ASSIGNMENT :: Would you please transcribe the listing exactly, with no images?

DATA SEGMENT ::
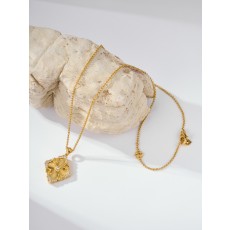 부첼라티 Buccellati 목걸이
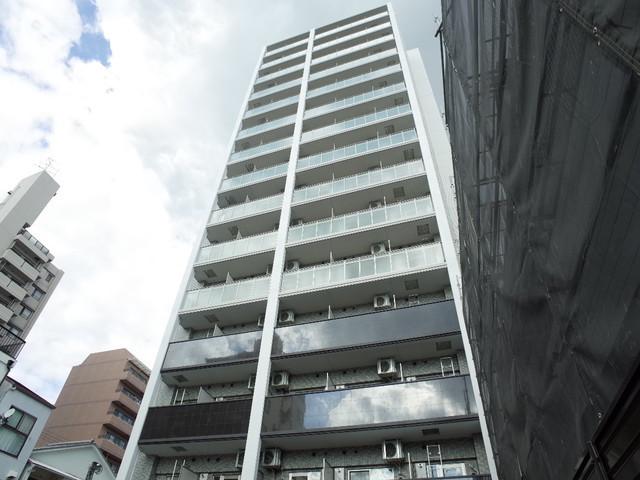 エスリード神戸グランドール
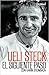 El Siguiente Paso by Ueli Steck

TASK SOLUTION ::
 부첼라티 Buccellati 목걸이
 エスリード神戸グランドール
 El Siguiente Paso by Ueli Steck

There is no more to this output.